Aim of the task
In the data below, find the line containing "Dogs lined up eating out of their bowls."; transcribe it and each line after it exactly, through the last, skipping pictures.

Source material
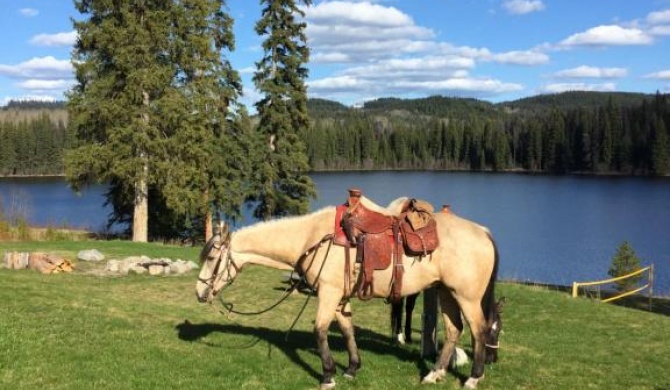 Montana Hill Guest Ranch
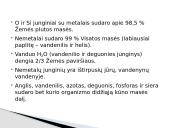 Nemetalų apžvalga skaidrės 4 puslapis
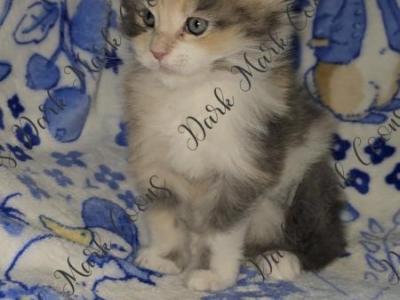 Vada Littles - Maine Coon - Gallery Photo #1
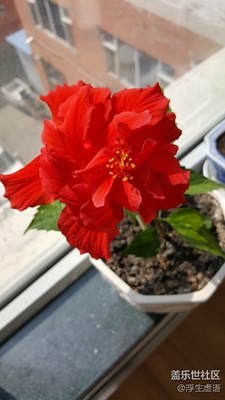 又是一個(gè)好天氣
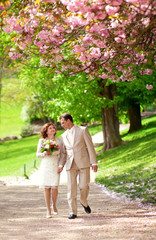 Fototapeta premium Newlywed couple having a stroll in park at spring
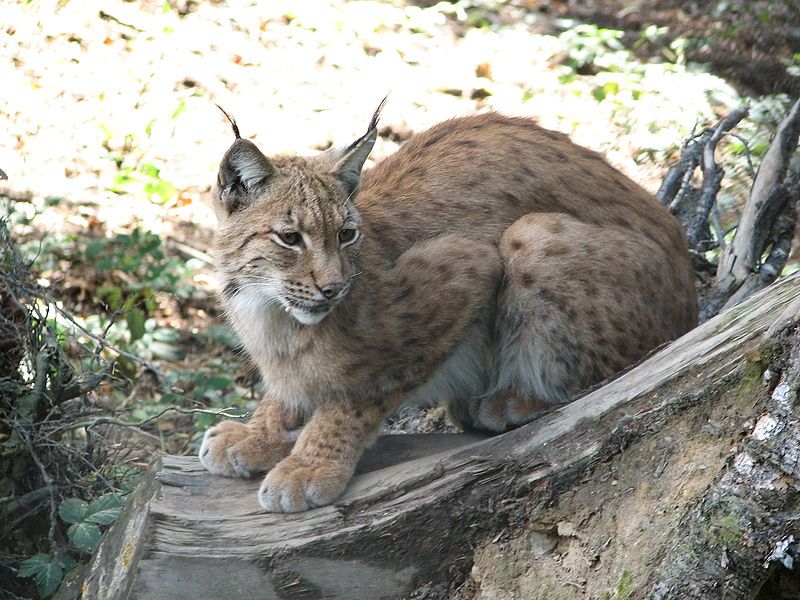 File:Lynx.lynx-ZOO.Olomouc1.jpg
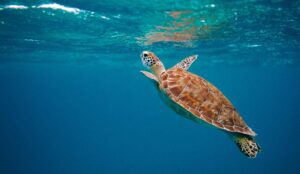Turtle in Water Sustainable Living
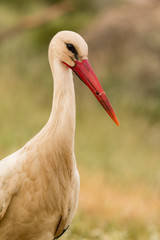Natural profile of a elegant stork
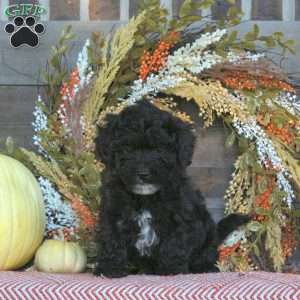 Grant, Miniature Poodle Puppy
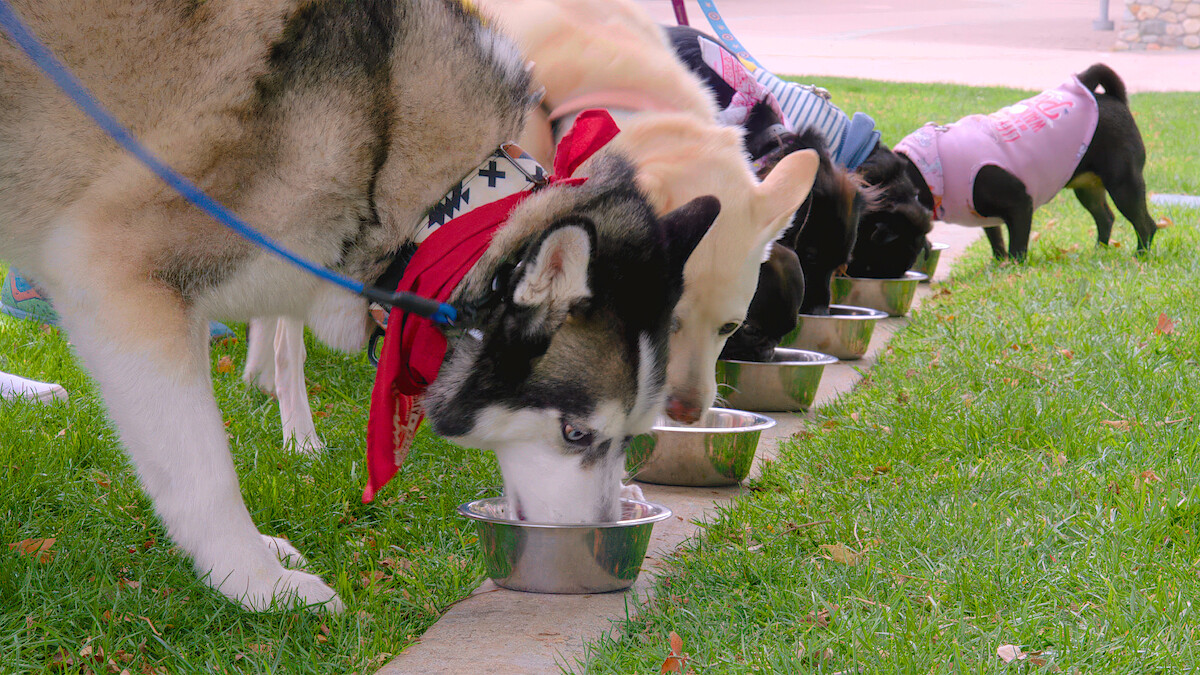 Dogs lined up eating out of their bowls.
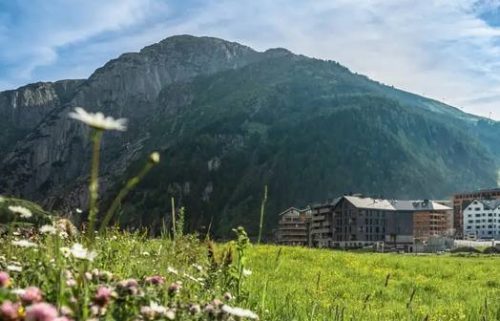 World Tourism Forum Lucerne Postpone its Innovation Festival-TRAVELINDEX World Tourism Forum Lucerne Postpone its Innovation Festival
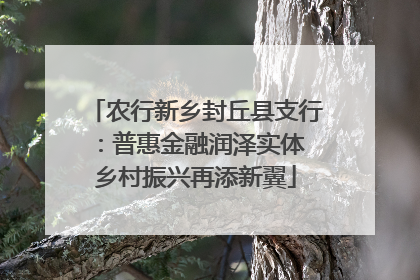 农行新乡封丘县支行：普惠金融润泽实体 乡村振兴再添新翼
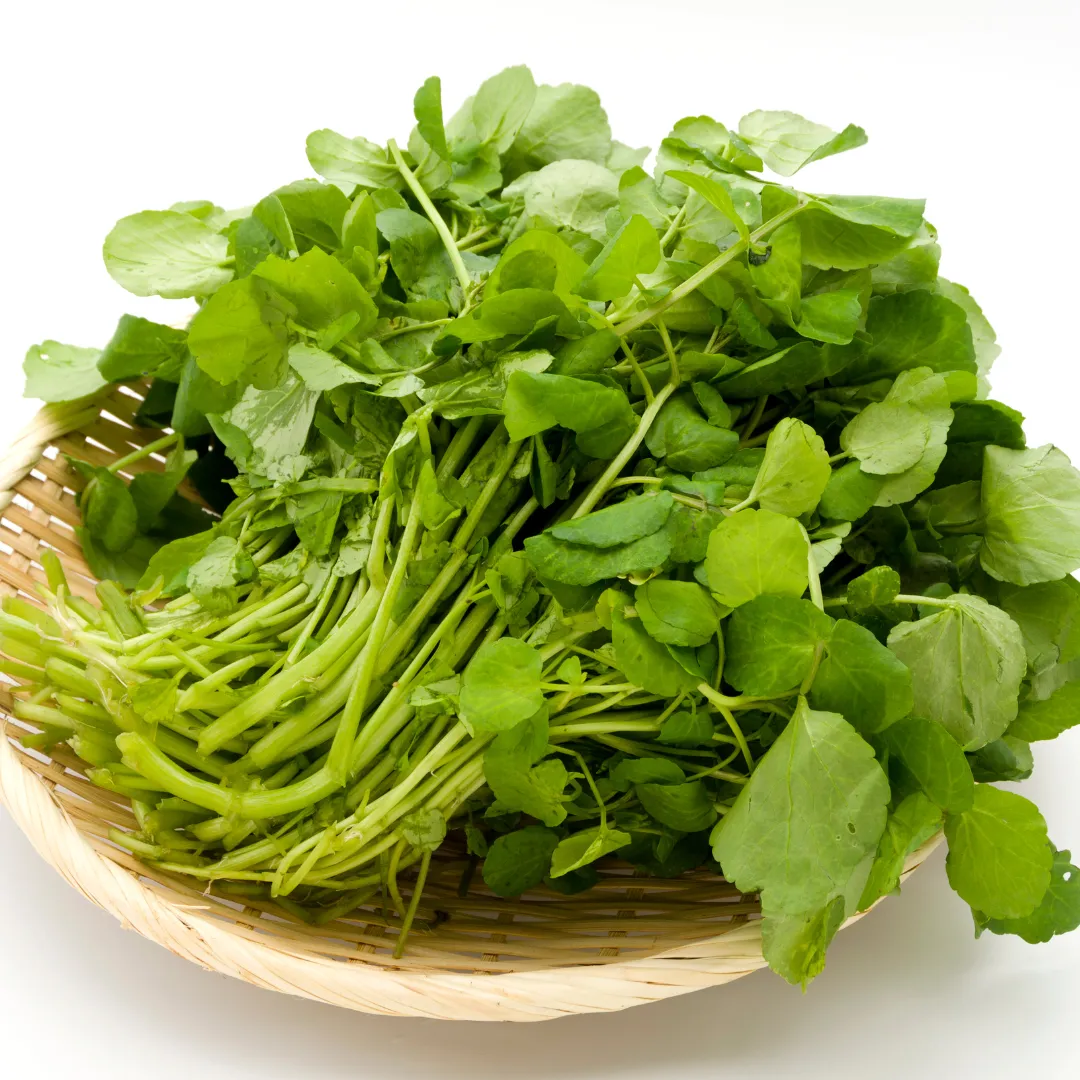 Watercress Herb Powder 1lb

Result of the exercise
 Dogs lined up eating out of their bowls.
 World Tourism Forum Lucerne Postpone its Innovation Festival-TRAVELINDEX World Tourism Forum Lucerne Postpone its Innovation Festival
 农行新乡封丘县支行：普惠金融润泽实体 乡村振兴再添新翼
 Watercress Herb Powder 1lb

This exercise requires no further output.